Serangan Amerika ke ISIS Diupayakan Hindari Warga Sipil
Washington – Menyusul terjadinya teror bom serta penembakan yang terjadi di Paris, Prancis pada 13 November lalu, Presiden Amerika Serikat Barrack Obama kian gencar melakukan serangan pada markas besar ISIS di Suriah. Namun, berdasar survei yang dilaporkan CBS News, serangan Obama kali ini dinilai masih lebih halus daripada saat Amerika Serikat membunuh Osama Bin Laden yang ditengarai sebagai pemimpin Al Qaeda, 2011 silam.
Dibanding dengan penyerangan gaya Rusia yang secara langsung tanpa diawali aba-aba terlebih dahulu, kali ini Obama justru terkesan hati-hati dalam memerangi ISIS. Dalam beberapa strategi penyerangan yang digunakan, tentara Amerika hampir selalu menyebar selebaran bahwa akan ada bom yang dijatuhkan dari pesawat.
Menurut pemerintah Amerika, hal ini dimaksudkan agar para sopir tangki minyak membaca selebaran tersebut dan bersiap kabur agar tidak menjadi korban. Selain itu, setelah selebaran disebarkan dari pesawat, sejumlah tentara Amerika yang menyamar di daratan juga akan berpura-pura lari dengan tujuan untuk menakuti sopir tangki dan secara tidak langsung menyuruh mereka berlari pula.
Diwartakan dari CBS News pada Selasa (24/11/2015), tentara Amerika bahkan akan menghentikan serangan apabila pada lokasi akan dijatuhkannya bom terlihat ada keberadaan warga sipil. Jika minimal terdapat lima orang yang dideteksi berada pada lokasi, maka serangan udara akan ditunda sampai warga tersebut dievakuasi atau meninggalkan lokasi.
Negara Prancis sendiri sudah lebih dulu menggempur ISIS melalui kapal induk yang berada di Mediterania Timur. Rusia juga telah menembaki markas ISIS di Suriah sampai dengan empat puluh dua kali. Semua serangan ditargetkan pada tangki minyak hasil selundupan ISIS yang akan dijual ke beberapa pasar gelap. Dalam tujuh hari terakhir, Amerika tercatat telah mengebom sampai hancur hingga lima ratus truk tangki.

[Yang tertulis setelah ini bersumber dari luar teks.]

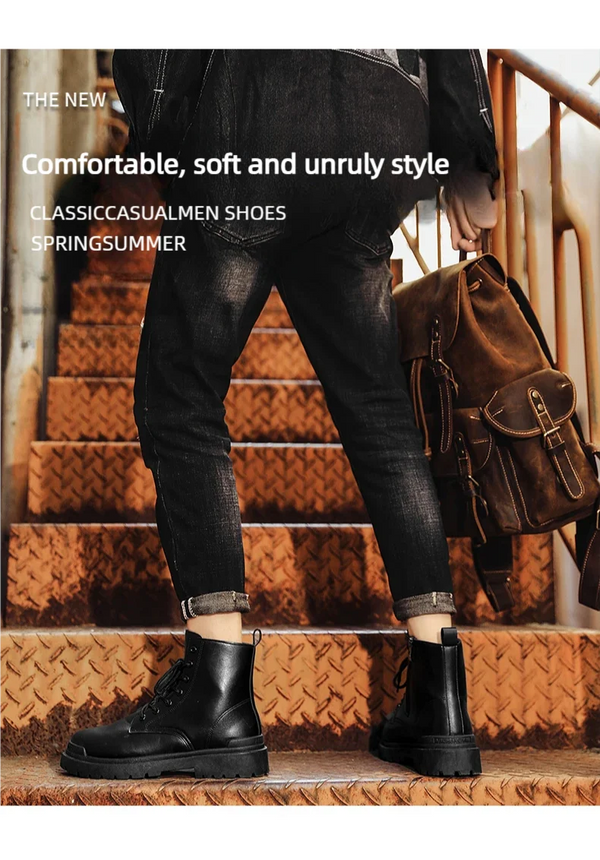 Side view of Trailblazer Boots emphasizing classic style and sturdy construction.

Masih menurut polling dari CBS News, total hanya ada tiga puluh enam persen warga Amerika yang yakin jika Presiden Obama telah mengupayakan yang terbaik demi memerangi terorisme. Sementara dua puluh tiga persen lainnya percaya jika pemimpin mereka itu tahu akan strategi terbaik untuk menangani ISIS.